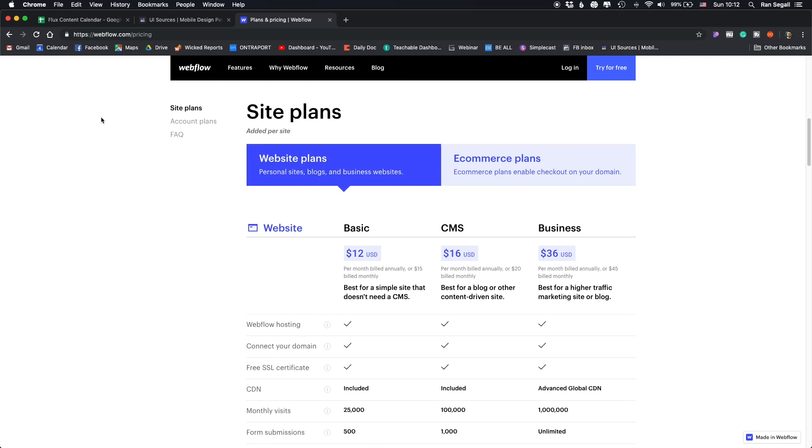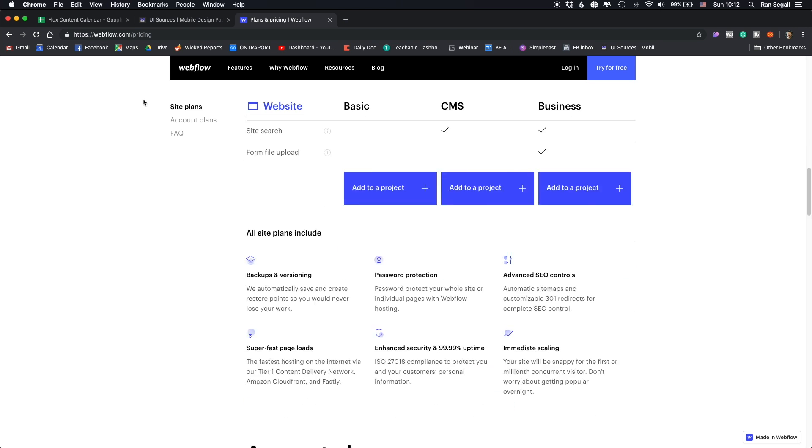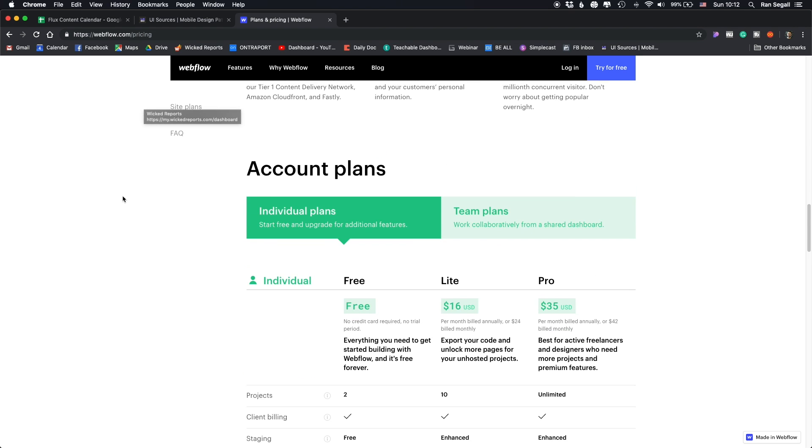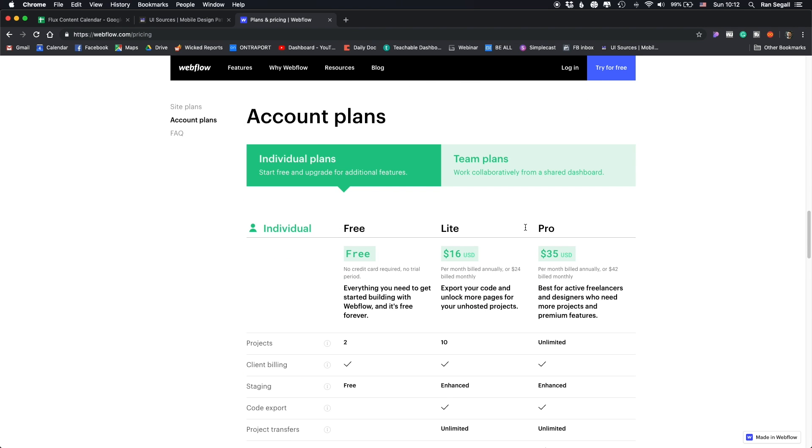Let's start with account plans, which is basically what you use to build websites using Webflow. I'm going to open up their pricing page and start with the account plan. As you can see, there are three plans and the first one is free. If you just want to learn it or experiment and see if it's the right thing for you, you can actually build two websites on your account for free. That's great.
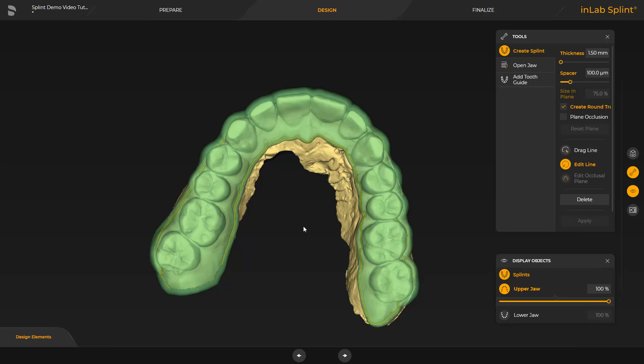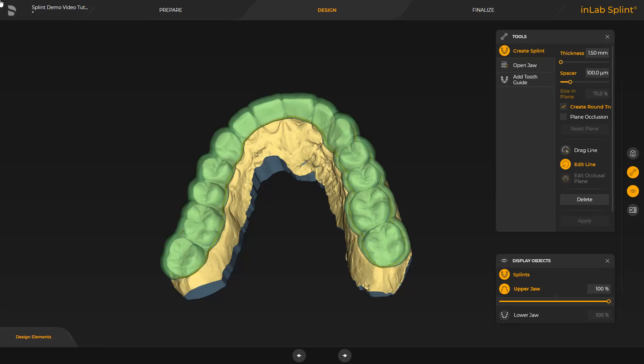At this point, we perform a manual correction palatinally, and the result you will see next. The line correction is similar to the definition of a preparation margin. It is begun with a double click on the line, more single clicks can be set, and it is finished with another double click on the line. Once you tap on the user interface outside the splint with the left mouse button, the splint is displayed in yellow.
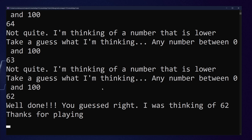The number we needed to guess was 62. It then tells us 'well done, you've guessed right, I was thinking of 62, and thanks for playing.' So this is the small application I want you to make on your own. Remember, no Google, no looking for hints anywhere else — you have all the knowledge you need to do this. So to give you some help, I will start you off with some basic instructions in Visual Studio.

--

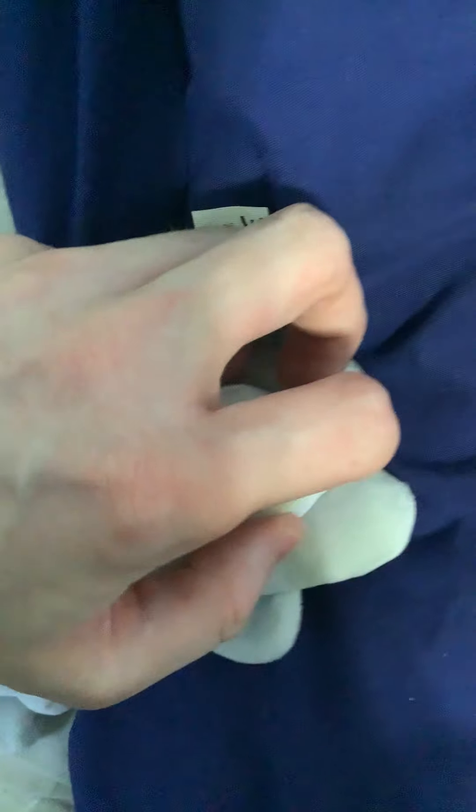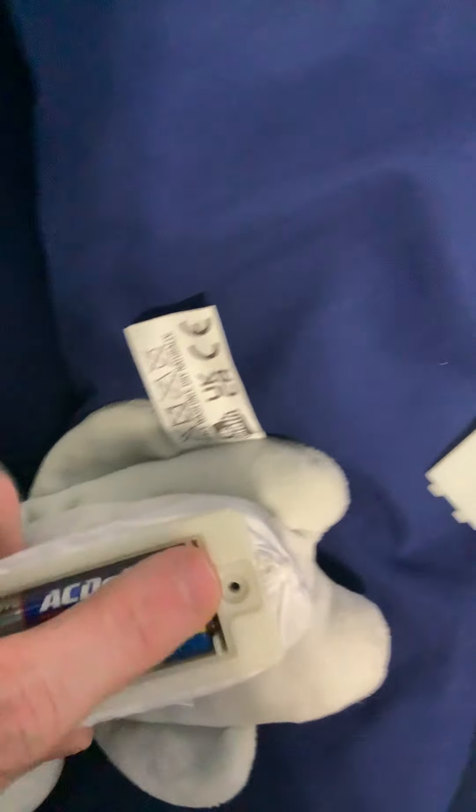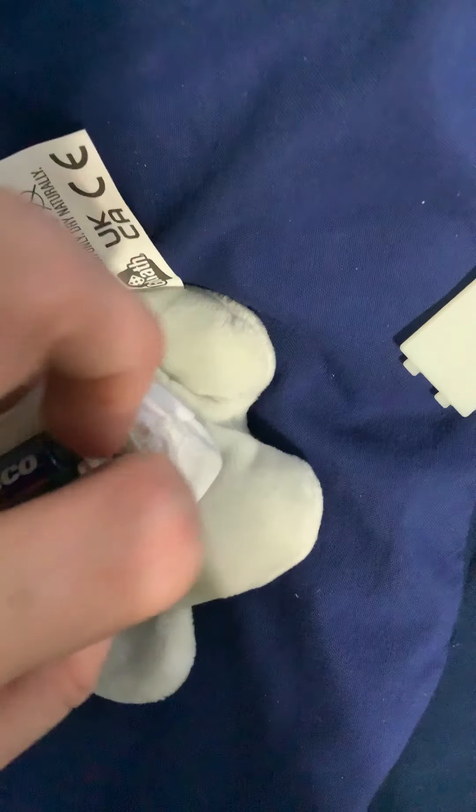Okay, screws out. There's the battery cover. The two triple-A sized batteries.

* * *

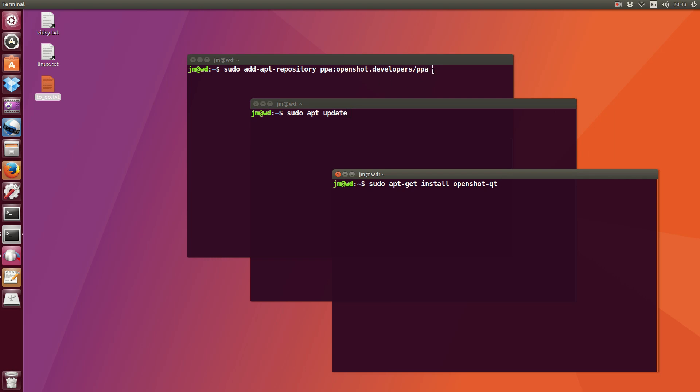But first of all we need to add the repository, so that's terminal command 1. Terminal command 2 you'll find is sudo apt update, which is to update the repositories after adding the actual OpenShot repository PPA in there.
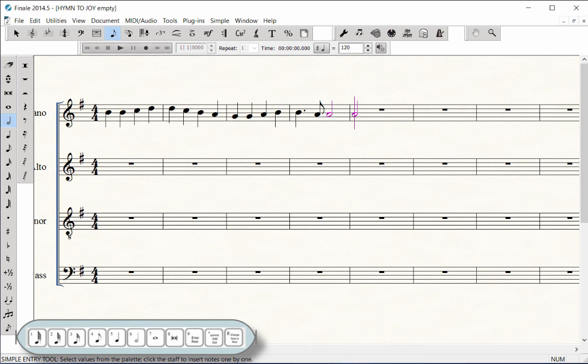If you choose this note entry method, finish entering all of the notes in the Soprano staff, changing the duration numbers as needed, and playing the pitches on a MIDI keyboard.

**Aim of the exercise:** Could you transcribe exactly the entries above, but only the lines from the one with "But first of" through the one with "If you choose", and without pictures?

**Solution:**
But first of all we need to add the repository, so that's terminal command 1. Terminal command 2 you'll find is sudo apt update, which is to update the repositories after adding the actual OpenShot repository PPA in there.
If you choose this note entry method, finish entering all of the notes in the Soprano staff, changing the duration numbers as needed, and playing the pitches on a MIDI keyboard.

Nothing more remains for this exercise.